Of course, if Hall could show any evidence that Maddow or Sanders ever called Scalise an "enemy of the people," let alone criticized him personally in any form whatsoever, he might have a point.

Curtis Houck -- who's currently leading the MRC's war on Acosta and gets a tingle up his leg every time Acosta is heckled while covering a Trump rally -- demonstrated his callousness toward the humanity of journalists who don't work for Fox News in an Aug. 1 post about a discussion between Tur and director Rob Reiner about the current hostile environment for journalists in the Trump era.

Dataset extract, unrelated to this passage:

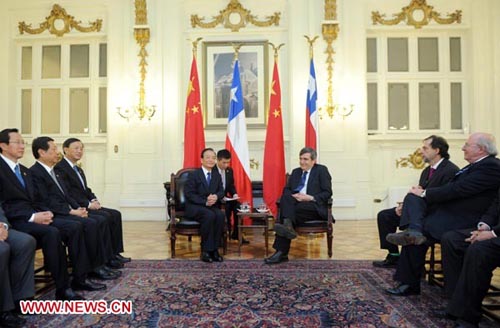 Chinese Premier Wen Jiabao (L, back) meets with Chilean Senate President Camilo Escalona (R, back) in Santiago, Chile, June 26, 2012. (Xinhua/Zhang Duo)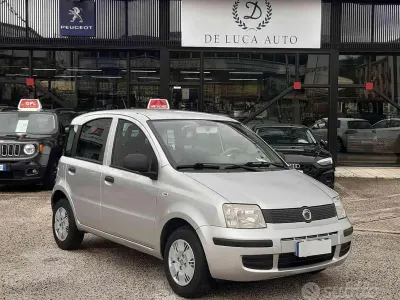 Usata Fiat Panda Active 54 CV (39 kW) 2010 Grigio Utilitaria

Here's how Houck utterly mocked their concerns in the first paragraph of his post, headlined "Self-Centered Lefties: Katy Tur, Rob Reiner Showcase Why People Hate Hollywood, the Media":

In roughly eight minutes Wednesday afternoon, MSNBC Live host Katy Tur and far-left liberal actor Rob Reiner were able to showcase why the embarrassingly smug behavior of Hollywood and the liberal media has continued to lose them supporters despite their deranged attempts to play the victim card.

That's right: According to Houck, it's apparently "self-centered" and playing "the victim card" for a journalist to be concerned about one's safety. (So, um, Curt, what exactly is a "far-left liberal"? Is that oppose to a far-right liberal?)

Houck sneered that Tur was hosting a "pity party" for journalists -- even though crowds at pro-Trump rallies she covered turned so hostile against her that she needed Secret Service protection to leave arenas -- and complained that she showed a "video of CNN’s Jim Acosta being heckled at a Tuesday night Trump rally" (which, again, Houck is totally down with).In Houck's warped right-wing view, Tur "ranted" and "howed how out of touch she is with the American populace when she seemed exasperated at the notion that, three years after Trump began his candidacy, droves of people still believe that “the media” and Hollywood don’t “represent regular people.” And an MRC post referencing Reiner wouldn't be complete without derisively calling him "Meathead," demonstrating Houck's inability (and that of the MRC as a whole) to separate the actor from a role he hasn't played in 40 years.